Behandeling van reumatoïde artritis met een combinatie van langzaamwerkende antireumatica

In de Folia oktober 1996 verscheen een artikel over de behandeling van reumatoïde artritis met langzaamwerkende antireumatica (chinolinederivaten, auranofine, aurothioglucose, penicillamine, sulfasalazine en sommige cytostatica). In dat artikel werden onder andere de resultaten beschreven van een dubbelblinde, gerandomiseerde studie bij patiënten met gevorderde reumatoïde artritis; daaruit bleek dat bij deze gevorderde vormen, behandeling met een combinatie van sulfasalazine en hydroxychloroquine, al dan niet in associatie met methotrexaat, doeltreffender was dan methotrexaat alleen voor wat betreft verbetering van de symptomen, zonder dat er een verhoging was van het aantal ongewenste effecten.

Recent verschenen in de Lancet de resultaten van een studie waarin monotherapie en combinatietherapie werden vergeleken bij patiënten in een vroeg stadium van reumatoïde artritis. Het ging om een twee jaar durende, gerandomiseerde, open studie bij patiënten met actieve reumatoïde artritis sinds minder dan 2 jaar.

  • 98 patiënten kregen monotherapie. Er werd gestart met sulfasalazine.
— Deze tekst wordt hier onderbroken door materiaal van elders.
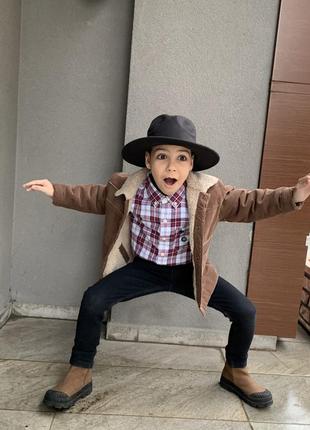 Капелюх фетровий чорний дитячий, шляпа федора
Indien nodig kon worden overgeschakeld op methotrexaat als eerste alternatief (bij 51 patiënten werd inderdaad hierop overgeschakeld) of op een ander middel zoals azathioprine, auranofine, parenterale goudzouten, hydroxychloroquine, penicillamine. Het protocol liet toe bij patiënten bij wie de ziekte actief bleef, een behandeling met oraal prednisolon (tot 10 mg per dag) te starten.
  • 97 patiënten startten een combinatie van sulfasalazine, methotrexaat, hydroxychloroquine en prednisolon. Bij een aantal van hen konden in de loop van de studieperiode methotrexaat en prednisolon worden gestopt. Ook hier bestond de mogelijkheid over te schakelen op een ander langzaamwerkend antireumaticum indien dit nodig was.

In de twee groepen werd behandeling met niet-steroïdale anti-inflammatoire farmaca en met intra-articulaire corticosteroïden toegestaan. Het belangrijkste eindpunt was inductie van remissie.

Na één jaar trad remissie op bij 24 patiënten met combinatietherapie versus 11 patiënten met monotherapie (24% versus 11 %, statistisch significant); na twee jaar bedroeg dit aantal 36 respectievelijk 18 (37% versus 18%, statistisch significant). Klinische verbetering (American College of Rheumatology 50% response criterion) werd na één jaar gezien bij 68 patiënten met combinatietherapie versus 56 patiënten met monotherapie (75% versus 60%, statistisch significant); na twee jaar bedroeg dit 69 respectievelijk 57 (71% versus 58%, statistisch niet significant). Na twee jaar gebruikten meer patiënten in de groep met monotherapie oraal prednisolon dan in de groep met combinatietherapie. De frequentie van ongewenste effecten was in de twee groepen gelijkaardig.

De auteurs besluiten dat het beter is, en niet gevaarlijker, recent ontstane reumatoïde artritis te behandelen met een combinatie van langzaamwerkende antireumatica dan met één enkel langzaamwerkend antireumaticum, en ze raden combinatiebehandeling aan als initiële behandeling van patiënten met actieve reumatoïde artritis.

Naar

  • T. Mö ttö nen et al.: Comparison of combination therapy with single-drug therapy in early rheumatoid arthritis a randomised trial. Lancet 353 : 1568-1573(1999)

Nota van de redactie

  • Het besluit van de onderzoekers dient voorzichtig te worden geïnterpreteerd. Inderdaad was het aantal patiënten in de studie relatief gering, en verschillen tussen de twee groepen bereikten niet altijd statistische significantie. Het starten van combinatiebehandeling dient alleen te gebeuren op advies van een reumatoloog.
  • Of de dosis van de verschillende langzaamwerkende antireumatica kan worden verminderd wanneer meerdere van deze middelen worden gecombineerd, hangt af van de gebruikte geneesmiddelencombinatie, maar ook van b.v. de verbetering van de patiënt. Men tracht natuurlijk steeds zo laag mogelijk te doseren.
  • Bij combinatie van meerdere langzaamwerkende antireumatica dienen corticosteroïden niet systematisch te worden toegevoegd aan de behandeling. Eerst wordt getracht de symptomen te controleren door gebruik van niet-steroïdale anti-inflammatoire middelen. Indien hiermee onvoldoende resultaat wordt bekomen, wordt overgeschakeld op lage doses prednisolon, in principe ten hoogste 10 mg.